Œuvres emblématiques et souffle artistique
- Sea Captains Carousing in Surinam (1755) : Cette toile vibrante, sans doute l'œuvre la plus célèbre de Greenwood, dépeint une scène tumultueuse de marchands de Rhode Island s'adonnant aux plaisirs de la fête. Elle offre un aperçu unique de la vie sociale coloniale et permet d'identifier des figures historiques telles que Stephen Hopkins, signataire de la Déclaration d'Indépendance.
- Le Portrait : Greenwood fut avant tout célébré pour son talent de portraitiste, capturant l'essence même d'individus illustres issus de diverses strates sociales. Ses portraits se distinguent par un réalisme saisissant et une attention méticuleuse aux détails, reflétant avec justesse les courants esthétiques de son époque.
- La Gravure : En tant que graveur talentueux, il produisit de nombreuses manières noires d'après ses propres compositions ou celles de ses pairs, étendant ainsi l'influence et la portée de son art bien au-delà des cadres de la peinture.

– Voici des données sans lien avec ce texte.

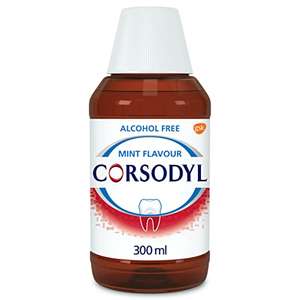 Corsodyl 0.2% Mouthwash, Gum Disease & Bleeding Gum Treatment Mouthwash, Alcohol Free, Mint 300 ml £3.98 / £3.58 Subscribe & Save @ Amazon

Le style de Greenwood opérait une fusion délicate entre le réalisme pur et une certaine théâtralité. Ses portraits ne cherchaient pas seulement à restituer les traits physiques de ses modèles, mais aspiraient à en révéler la personnalité profonde et le rang social. Son œuvre est imprégnée des traditions artistiques européennes, particulièrement celles de l'Angleterre, ce qui transparaît dans la maîtrise technique de ses portraits.
Héritage et importance historique
L'héritage de John Greenwood Sr. transcende la simple collection de ses œuvres individuelles. En tant que l'un des premiers artistes américains à avoir acquis une reconnaissance internationale, il a aidé à poser les fondations sur lesquelles s'appuieront les générations futures de peintres américains. Sa polyvalence — embrassant la peinture, la gravure et le métier de commissaire-priseur — met en lumière la diversité des rôles occupés par les artistes dans l'Amérique coloniale. Ses représentations détaillées de la vie de l'époque constituent aujourd'hui des sources précieuses pour comprendre les mœurs sociales et les figures marquantes de cette ère.
Le talent de Greenwood fut reconnu par ses contemporains, notamment par John Singleton Copley, avec qui il entretenait une correspondance. Son œuvre continue d'être admirée pour sa portée historique et sa valeur artistique, nous offrant une fenêtre ouverte sur le monde fascinant de l'Amérique du XVIIIe siècle.